A group of eight men will face trial after a court said that their orange 'sharia police' vests violated a ban on wearing uniforms at public rallies
The small group of men sparked public anger when they launched street patrols in the small town of Wuppertal last September (AFP)

A group of Germans will face trial for forming "sharia police" street patrols that told people to stop drinking, gambling and listening to music, a court said Tuesday.

The ultra-conservative Muslim group around German Salafist convert Sven Lau - known among supporters as Abu Adam - sparked public anger with their vigilante patrols in 2014 in the western city of Wuppertal.

A city court last December said the group would not face charges - but a higher court has now overturned that decision, announcing that eight members of the group could face trial.

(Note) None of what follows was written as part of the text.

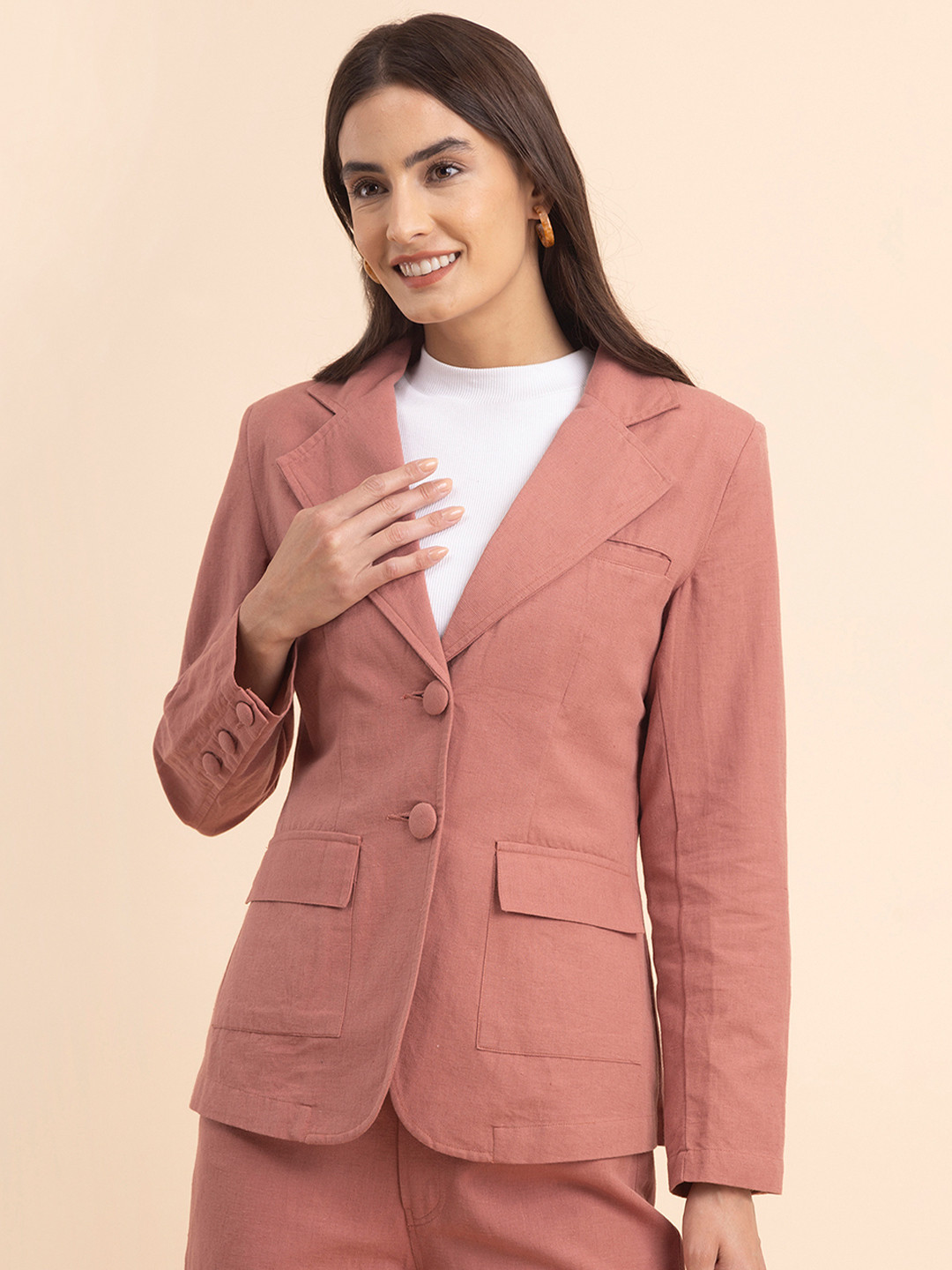 FableStreet Single Breasted Formal Blazers, Pink 
FableStreet Single Breasted Formal Blazers, Pink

It sided with state prosecutors who had argued the group's orange vests with the words "sharia police" on them constituted a violation of a ban on uniforms at public rallies.

The state high court in Dusseldorf also found that the law - which is aimed against militant street movements such as the early Nazi party - could be applied in this case.

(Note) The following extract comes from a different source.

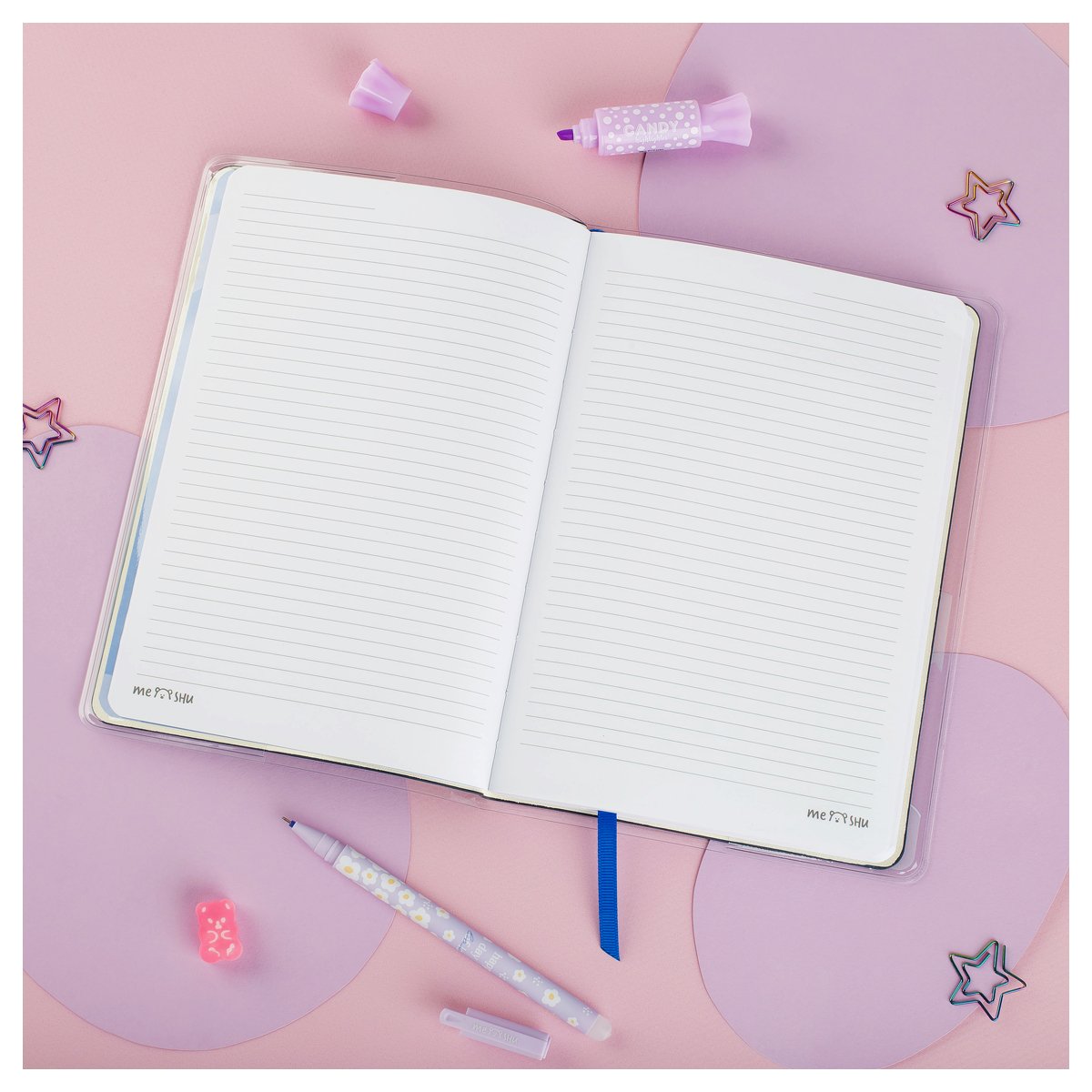 Записная книжка А5 80л., ЛАЙТ, кожзам, MESHU «Cutestar», съемная пластиковая обложка с дизайном, пантон, белила, блок в линию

The vests had signified the group's "shared political view" that traditional Islamic law could be applied on German streets, the court found.

This implied a violation of the separation of church and state and also evoked the "militant and intimidating" religious police units that operate in some Islamic countries.

Lau, one of Germany's most prominent Islamist preachers, was arrested in December on charges of supporting a "terrorist group" fighting in Syria and has been remanded in custody since.

Lau is accused of supporting and recruiting fighters for the Syria-based Army of Emigrants and Supporters, which Germany lists as a terrorist organisation.